Problem requirements: Look through the records below for the line with "ライトナイロンリップストップジムサック" and the line with "Action Pizazz DX 2013-12", then return those lines and all lines between, exactly.

Content starts

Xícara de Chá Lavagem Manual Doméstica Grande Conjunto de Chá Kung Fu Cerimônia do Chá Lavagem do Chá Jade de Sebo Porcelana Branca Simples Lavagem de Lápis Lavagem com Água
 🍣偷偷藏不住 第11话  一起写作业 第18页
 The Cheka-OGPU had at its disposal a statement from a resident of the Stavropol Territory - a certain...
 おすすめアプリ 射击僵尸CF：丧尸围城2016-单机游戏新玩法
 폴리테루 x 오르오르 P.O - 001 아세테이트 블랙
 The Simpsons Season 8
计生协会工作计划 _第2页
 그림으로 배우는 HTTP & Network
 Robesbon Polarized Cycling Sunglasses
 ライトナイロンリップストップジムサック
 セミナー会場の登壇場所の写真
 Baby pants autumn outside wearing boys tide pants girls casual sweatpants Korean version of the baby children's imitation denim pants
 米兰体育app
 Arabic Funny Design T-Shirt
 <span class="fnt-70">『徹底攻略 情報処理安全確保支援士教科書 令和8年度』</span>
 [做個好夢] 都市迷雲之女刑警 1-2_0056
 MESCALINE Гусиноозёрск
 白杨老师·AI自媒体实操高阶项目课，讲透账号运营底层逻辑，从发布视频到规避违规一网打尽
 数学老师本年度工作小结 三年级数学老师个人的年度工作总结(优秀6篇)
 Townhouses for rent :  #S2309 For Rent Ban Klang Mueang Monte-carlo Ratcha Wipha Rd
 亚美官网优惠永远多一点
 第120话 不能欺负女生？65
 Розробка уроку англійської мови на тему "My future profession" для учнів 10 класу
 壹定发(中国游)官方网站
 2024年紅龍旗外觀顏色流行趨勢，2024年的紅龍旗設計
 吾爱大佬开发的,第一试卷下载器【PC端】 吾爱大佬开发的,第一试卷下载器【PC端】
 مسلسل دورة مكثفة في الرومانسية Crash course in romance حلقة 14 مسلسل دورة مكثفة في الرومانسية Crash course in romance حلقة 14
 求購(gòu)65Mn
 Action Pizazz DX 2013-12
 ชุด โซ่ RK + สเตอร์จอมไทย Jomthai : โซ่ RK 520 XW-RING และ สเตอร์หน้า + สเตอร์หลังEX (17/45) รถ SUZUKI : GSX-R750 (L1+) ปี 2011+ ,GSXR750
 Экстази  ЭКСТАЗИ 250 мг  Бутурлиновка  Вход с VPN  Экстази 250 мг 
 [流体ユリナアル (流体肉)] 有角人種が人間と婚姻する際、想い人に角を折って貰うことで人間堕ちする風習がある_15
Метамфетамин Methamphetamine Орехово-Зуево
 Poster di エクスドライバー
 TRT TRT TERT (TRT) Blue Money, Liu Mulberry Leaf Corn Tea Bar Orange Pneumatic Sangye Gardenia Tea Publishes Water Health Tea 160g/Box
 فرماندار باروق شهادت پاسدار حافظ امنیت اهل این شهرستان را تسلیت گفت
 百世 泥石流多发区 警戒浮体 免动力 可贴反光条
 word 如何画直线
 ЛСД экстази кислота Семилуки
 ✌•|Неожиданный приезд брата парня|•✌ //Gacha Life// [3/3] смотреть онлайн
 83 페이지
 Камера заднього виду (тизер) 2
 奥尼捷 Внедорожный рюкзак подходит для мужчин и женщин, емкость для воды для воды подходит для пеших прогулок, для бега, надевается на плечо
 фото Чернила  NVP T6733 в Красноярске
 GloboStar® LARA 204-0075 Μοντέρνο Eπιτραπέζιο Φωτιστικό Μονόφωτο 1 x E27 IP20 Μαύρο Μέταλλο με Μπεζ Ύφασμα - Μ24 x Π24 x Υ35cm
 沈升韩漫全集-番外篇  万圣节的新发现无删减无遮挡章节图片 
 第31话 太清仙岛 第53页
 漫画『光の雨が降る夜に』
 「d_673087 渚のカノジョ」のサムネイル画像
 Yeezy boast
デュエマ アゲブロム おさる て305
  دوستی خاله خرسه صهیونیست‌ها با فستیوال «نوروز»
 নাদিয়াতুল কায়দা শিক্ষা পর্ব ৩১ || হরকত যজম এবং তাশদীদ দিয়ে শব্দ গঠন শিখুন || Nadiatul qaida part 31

Content ends

Answer to this task:
 ライトナイロンリップストップジムサック
 セミナー会場の登壇場所の写真
 Baby pants autumn outside wearing boys tide pants girls casual sweatpants Korean version of the baby children's imitation denim pants
 米兰体育app
 Arabic Funny Design T-Shirt
 <span class="fnt-70">『徹底攻略 情報処理安全確保支援士教科書 令和8年度』</span>
 [做個好夢] 都市迷雲之女刑警 1-2_0056
 MESCALINE Гусиноозёрск
 白杨老师·AI自媒体实操高阶项目课，讲透账号运营底层逻辑，从发布视频到规避违规一网打尽
 数学老师本年度工作小结 三年级数学老师个人的年度工作总结(优秀6篇)
 Townhouses for rent :  #S2309 For Rent Ban Klang Mueang Monte-carlo Ratcha Wipha Rd
 亚美官网优惠永远多一点
 第120话 不能欺负女生？65
 Розробка уроку англійської мови на тему "My future profession" для учнів 10 класу
 壹定发(中国游)官方网站
 2024年紅龍旗外觀顏色流行趨勢，2024年的紅龍旗設計
 吾爱大佬开发的,第一试卷下载器【PC端】 吾爱大佬开发的,第一试卷下载器【PC端】
 مسلسل دورة مكثفة في الرومانسية Crash course in romance حلقة 14 مسلسل دورة مكثفة في الرومانسية Crash course in romance حلقة 14
 求購(gòu)65Mn
 Action Pizazz DX 2013-12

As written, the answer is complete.